MY-UTILS> '[(a b c) -> (+ a b c)]
(LAMBDA (COMMON-LISP-USER::X) (A B C) -> (+ A B C))
What has happened here is that the short-lambda-split function has somehow not found the -> symbol, and has decided that the form it read, which is manifestly (a b c -> (+ a b c)), is a short-lambda without an explicit argument list. So it inserts what it believes to the body (the entire expression) into the a lambda with only one argument (here somewhat mysteriously expanded into COMMON-LISP-USER::X). Turns out that COMMON-LISP-USER::X is the real hint we need to figure out what is going on, although our initial instinct might not point us there. What is happening is that the Reader is expanding the macro with a function written in the COMMON-LISP-USER package. Since we are not in that package, Lisp is telling us in this quoted expression that the symbol X produced with a quotating and inserted into the macro list to be exported is actually a symbol which belongs to the COMMON-LISP-USER package, not the MY-UTILS one. This is the key. The code testing whether a symbol in the macro expression list is EQ to the -> symbol is actually properly understood as comparing to COMMON-LISP-USER::->. I believe this is because the quote expression has been evaluated at definition (that is, lexically) or at compile time, resulting in the symbol being interned in the package the code is compiled/defined in. (I would love it if a Lisper could tell me which). What does interning mean? To understand, you have to understand that a package is a collection of symbols, and an interned symbol is one that belongs to a package. By default, Common Lisp interns all symbols entered into the reader with a quote into the current package. So the reader is interning the -> symbol into the package CL-USER, where the split-short-lambda function is defined. Hence, EQ is detecting that COMMON-LISP-USER::-> is not the same as MY-UTIL::->, which actually makes sense - they are different - that is the entire point of packages. (N.B. the MY-UTIL:: is implicit and not printed by the printer in our examples since we are "in" the MY-UTIL package, but the whole short-lambda list is made of symbols automatically interned by the reader into the current package.) So we want to force the split-short-lambda function to intern certain symbols at evaluation time, and into the current package, rather than at "definition" time.

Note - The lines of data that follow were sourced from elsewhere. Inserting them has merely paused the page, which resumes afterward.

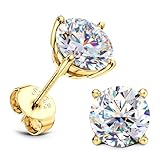 SLLAISS Moissanite Earrings - 925 Sterling Silver Round Cut 2CT Diamond Look Sparkle Stud Earrings for Women Men Hypoallergenic 18K Gold Plated Stud D Color VVS1 Clarity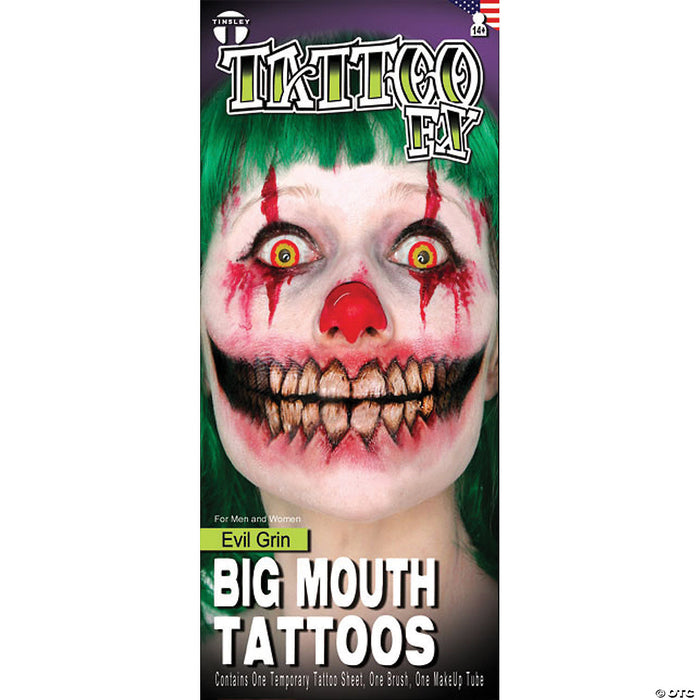 Evil Grin Big Mouth Tattoo Fx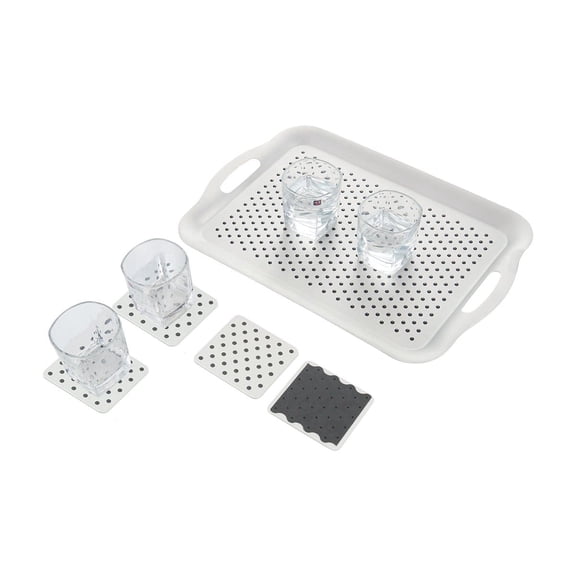 Non-slip tech tray coasters set SILVER by Peterson Housewares Artwares
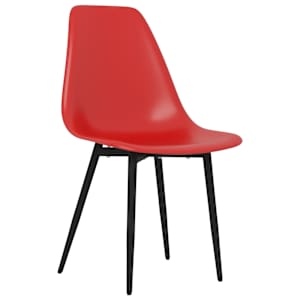 vidaXL Valgomojo kėdės, 4vnt., raudonos spalvos, PP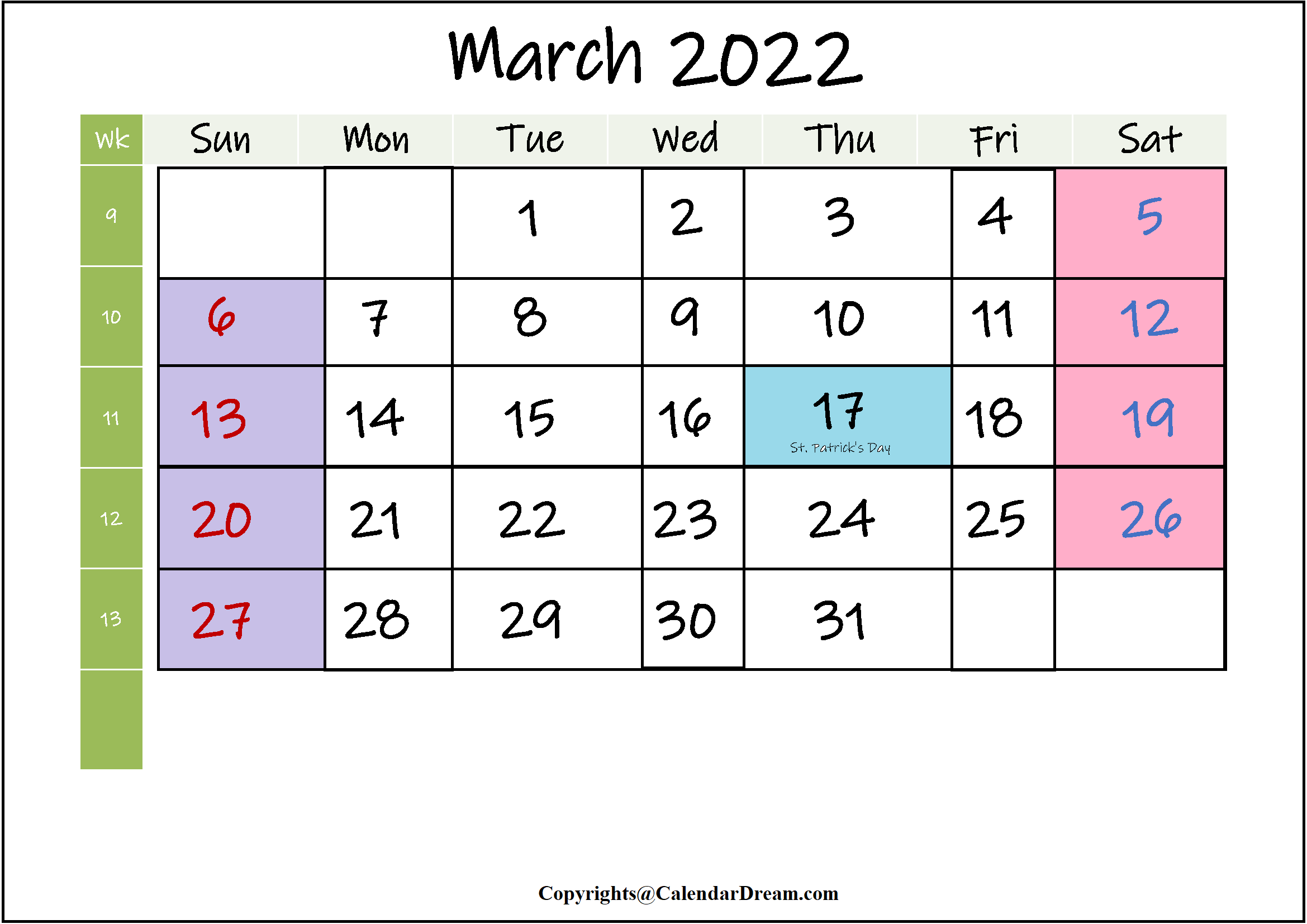 Printable March 2022 Calendar With Holidays In Pdf Word Free 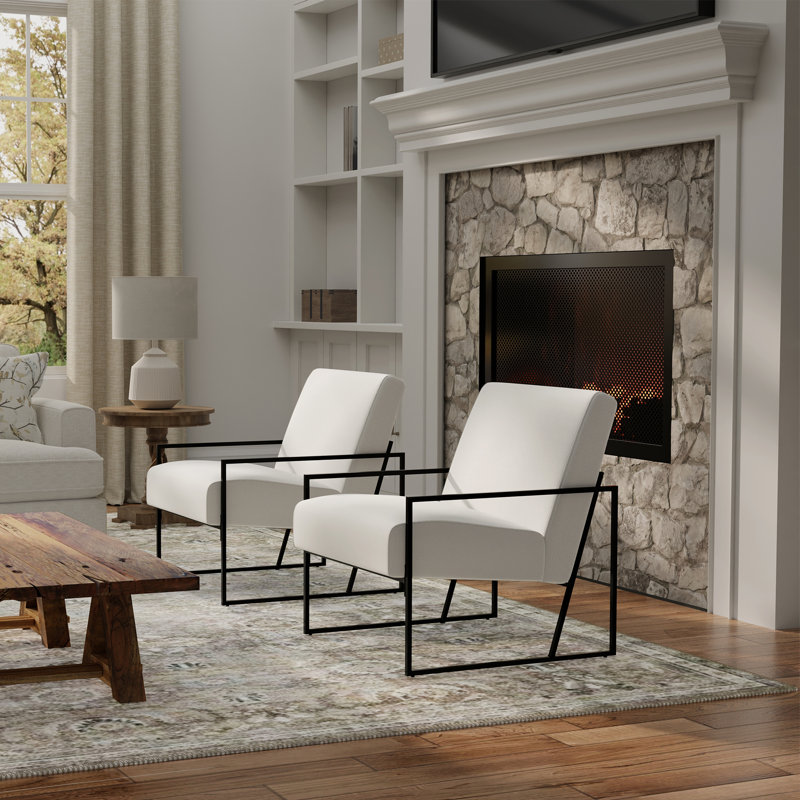 Fauteuil Ricci, Tissu crème en polyester
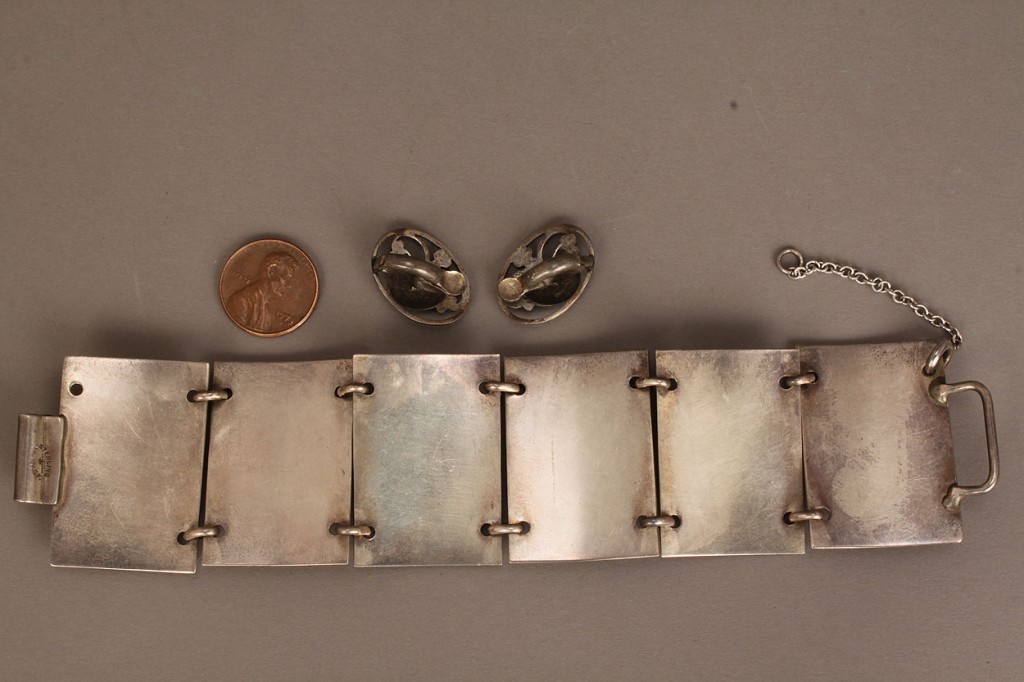 Lot 558: Mixed Metals Bracelet & Georg Jensen earrings
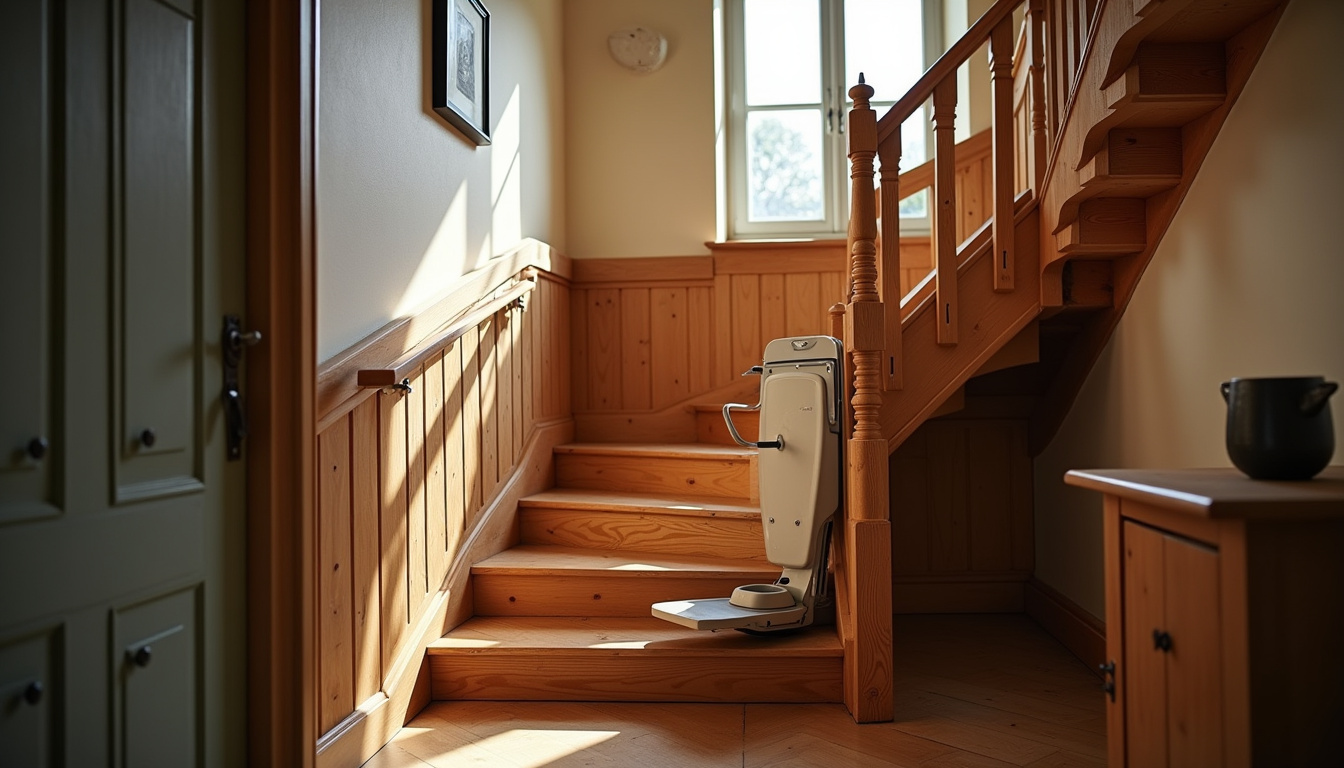 Monte-escalier en fonctionnement dans une maison traditionnelle à Tréméven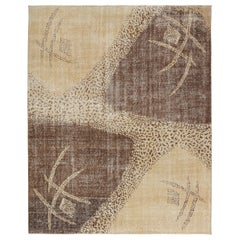 Tappeto vintage Zeki Müren con motivi beige, crema e marrone di Rug & Kilim
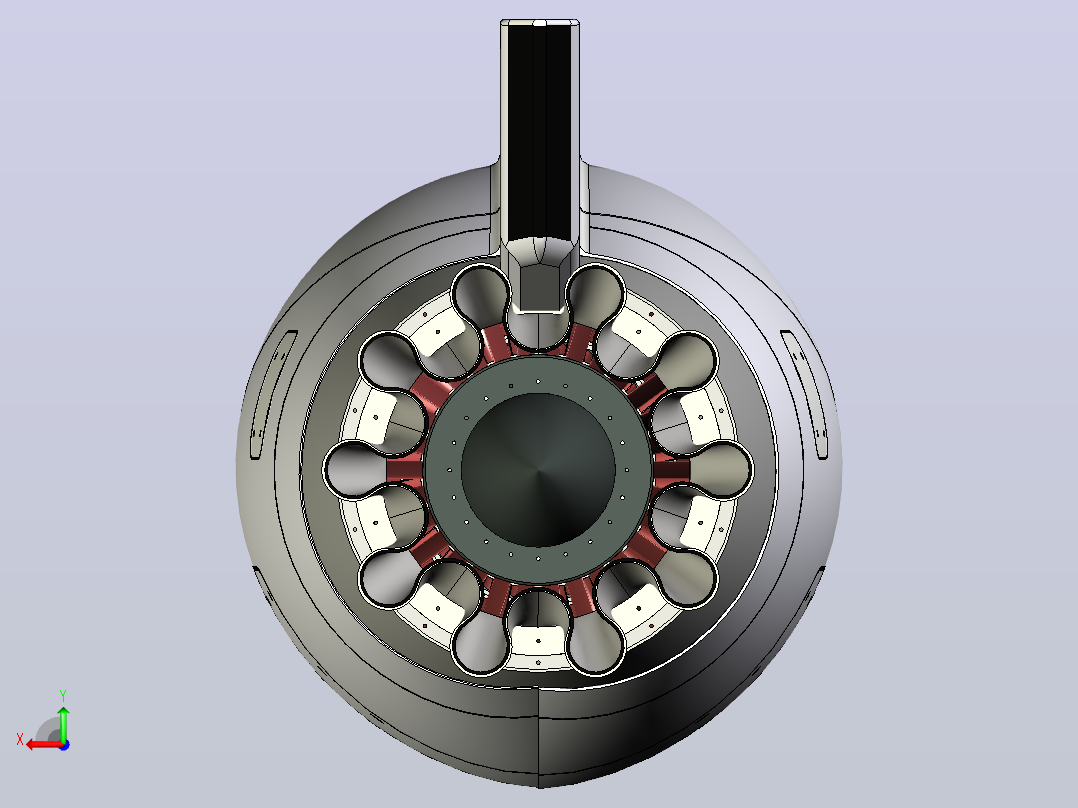 Turbo Fan Jet Engine涡轮风扇喷气发动机3D图纸 INVENTOR设计后视图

We can do this my modifying it in the following way:

(defun short-lambda-split (elements)
(let ((args
  (loop while (and
         (not
     (eq (car elements) (intern "->")))
         elements)
  collect
    (pop elements))))
  (if (not elements)
  ; There is no arg list
    `(lambda (,(intern "X")) ,@args)
    `(lambda (,@args) ,@(cdr elements)))))
Here we use calls to the function intern to force the creation of symbols interned in the current package. Now if we execute our macro, it gives us what we expect. Note that we also interned the symbol x in the no argument case for (basically) the same reasons.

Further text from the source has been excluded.